99 Homes
“99 Homes” is an earnest little drama that focuses on the foreclosure craze during the Great Recession. It shows how the will to survive can be gradually bended into a willingness to exploit the tragedies of others for personal gain. It’s a deliberately discomfiting portrait of how the line between victim and victimizer can easily blur.
Andrew Garfield is solid and empathetic as Dennis Nash, the true-blue-collar guy who gets evicted from his house, then goes to work for the real estate mogul who threw him out, eventually morphing into his right-hand lackey and reflection.
But Michael Shannon utterly steals the show as his boss, Rick Carver — a conniving, contemptible yet surprisingly human figure.
Rick’s a cannibal who feels compelled to justify his actions even as he’s employing his teeth to strip the bones. He’s part Donald Trump, dividing the world into admirable winners and wretched losers; part pathetic Willy Loman, so fearful of a fall from grace that he invites it; and part Blake, Alec Baldwin’s wolfen character from “Glengarry Glen Ross,” slavering for his prey.
This is a tiny picture that I hope Oscar voters will remember when it comes time for voting on nominations. Shannon assuredly deserves a spot on the supporting actors’ list.
The story is set circa 2010 in Orlando, Fla. — my own hometown. I can remember people back home talking about seeing at least two foreclosure signs on every block, whether houses were in the $70,000s or the $700,000s. Places like O-Town and Phoenix, Ariz., were the hot spots for the real estate bubble, with overheated prices producing the most precipitous drops when the bottom fell out.
Dennis is a construction guy, single dad, who lives with his son, Connor (Noah Lomax), and mom (Laura Dern) in a low-roofed bungalow — the sort of crowded, low-cost housing that fueled Florida’s population boom in the 1950s and '60s. Work’s been scanty since the real estate bubble popped, so when they get behind on their mortgage payments the courts are quick to whip out the foreclosure card.
In a harrowing scene, Dennis and his brood are summarily thrown out of the family dwelling, their stuff piled up on the lawn by riff-raff workers, with rent-a-cops warning them of a trip to jail if they don’t comply. Rick is calling the shots, though he pretends to be just the guy with the clipboard carrying out orders. The energy is real and nervy, with everyone resorting to that sort of false politeness — “Yes, sir,” “No, ma’am,” — when they’d really like to take a swing at each other.

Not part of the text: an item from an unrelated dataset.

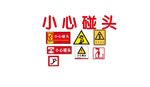 小心碰头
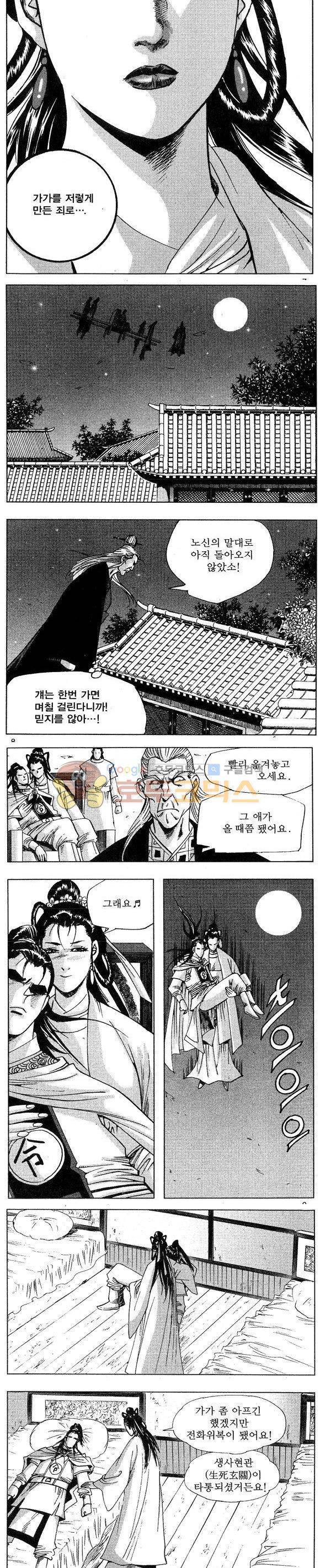 연풍무림 14권 2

They pack up their stuff to a rundown motel, which houses a thriving community of evictees, all convinced they’ll move back into their own home any day now. Dennis catches a break when he stumbles upon Rick and is offered $50 to help out with a vacant property that has been befouled. He possesses enough self-worth left to haggle the nasty job up to $250 and Rick recognizes a hunger he can harness.
“Don’t get emotional about real estate,” Rick intones. “They’re boxes.”
Soon enough, Dennis himself is the one holding the clipboard, running his own crews, talking people into easing their keys into his hand, waving in the police to strong-arm it when required. Rick shows him how to work the grayish angles between private commerce and government subsidy, snagging whopping checks from Fannie Mae by covertly shuffling around appliances and AC’s.
(Air conditioning, for those not in the know, is practically a religion in the Sunshine State, and all must tithe.)
Written (along with Amir Naderi) and directed by Ramin Bahrani, “99 Homes” gets a bit fat in the second half, as the plot plays out its preordained contretemps between diabolical mentor and soul-searching mentee. But it manages to powerfully illustrate the human toll of the foreclose-and-flip game, just as we’ve started to forget the shenanigans and, thereby, open the door to them again.